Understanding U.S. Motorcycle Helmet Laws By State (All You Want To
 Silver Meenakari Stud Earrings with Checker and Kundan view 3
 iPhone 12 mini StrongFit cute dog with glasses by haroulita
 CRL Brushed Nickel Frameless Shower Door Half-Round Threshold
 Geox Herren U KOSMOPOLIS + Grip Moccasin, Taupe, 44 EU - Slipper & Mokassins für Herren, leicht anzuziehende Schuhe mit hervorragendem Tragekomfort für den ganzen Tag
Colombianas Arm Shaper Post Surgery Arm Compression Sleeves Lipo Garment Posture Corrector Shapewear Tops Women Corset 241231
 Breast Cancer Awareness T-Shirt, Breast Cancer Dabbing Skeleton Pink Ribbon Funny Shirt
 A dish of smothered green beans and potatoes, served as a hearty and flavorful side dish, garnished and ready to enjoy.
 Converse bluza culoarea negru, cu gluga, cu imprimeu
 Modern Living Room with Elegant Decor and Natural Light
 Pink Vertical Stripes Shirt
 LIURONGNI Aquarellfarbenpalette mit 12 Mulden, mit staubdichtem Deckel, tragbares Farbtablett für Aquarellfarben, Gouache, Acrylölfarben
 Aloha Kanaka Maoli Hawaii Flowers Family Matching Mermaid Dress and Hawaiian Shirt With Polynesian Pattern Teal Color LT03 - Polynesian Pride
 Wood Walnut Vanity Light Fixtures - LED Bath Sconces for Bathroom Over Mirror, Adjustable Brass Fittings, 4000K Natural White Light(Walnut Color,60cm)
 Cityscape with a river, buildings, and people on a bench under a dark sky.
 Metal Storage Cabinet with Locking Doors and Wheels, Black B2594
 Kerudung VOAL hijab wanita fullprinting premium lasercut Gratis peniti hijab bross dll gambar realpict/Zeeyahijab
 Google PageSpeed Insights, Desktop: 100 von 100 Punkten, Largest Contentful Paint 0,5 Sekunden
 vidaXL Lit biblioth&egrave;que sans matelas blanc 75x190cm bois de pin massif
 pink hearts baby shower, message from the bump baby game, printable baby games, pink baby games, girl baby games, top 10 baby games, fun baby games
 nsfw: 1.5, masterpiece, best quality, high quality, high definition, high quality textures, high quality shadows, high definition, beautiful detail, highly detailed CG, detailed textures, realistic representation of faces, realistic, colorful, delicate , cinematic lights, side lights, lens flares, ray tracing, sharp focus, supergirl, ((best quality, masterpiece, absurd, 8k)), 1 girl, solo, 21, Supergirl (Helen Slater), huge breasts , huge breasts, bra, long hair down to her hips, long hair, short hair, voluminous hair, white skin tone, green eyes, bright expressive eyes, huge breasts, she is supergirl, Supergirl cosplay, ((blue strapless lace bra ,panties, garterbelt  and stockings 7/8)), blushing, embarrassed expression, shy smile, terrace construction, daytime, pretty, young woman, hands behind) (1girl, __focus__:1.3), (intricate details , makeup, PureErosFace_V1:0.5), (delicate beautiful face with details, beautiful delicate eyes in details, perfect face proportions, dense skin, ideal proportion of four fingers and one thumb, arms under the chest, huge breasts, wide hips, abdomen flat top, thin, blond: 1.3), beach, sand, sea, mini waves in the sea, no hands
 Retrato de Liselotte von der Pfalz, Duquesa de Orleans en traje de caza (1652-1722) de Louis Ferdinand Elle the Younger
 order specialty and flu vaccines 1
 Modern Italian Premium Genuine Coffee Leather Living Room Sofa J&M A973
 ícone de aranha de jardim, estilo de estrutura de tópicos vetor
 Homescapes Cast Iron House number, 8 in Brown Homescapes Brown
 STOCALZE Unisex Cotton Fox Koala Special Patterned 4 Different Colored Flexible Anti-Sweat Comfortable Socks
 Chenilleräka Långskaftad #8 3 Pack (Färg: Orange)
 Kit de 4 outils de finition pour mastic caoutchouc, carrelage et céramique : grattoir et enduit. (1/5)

(Task directions)
All lines from the start of the entries through the line where "CRL Brushed Nickel" sits should be duplicated exactly, with nothing else in the output.

(Task output)
Understanding U.S. Motorcycle Helmet Laws By State (All You Want To
 Silver Meenakari Stud Earrings with Checker and Kundan view 3
 iPhone 12 mini StrongFit cute dog with glasses by haroulita
 CRL Brushed Nickel Frameless Shower Door Half-Round Threshold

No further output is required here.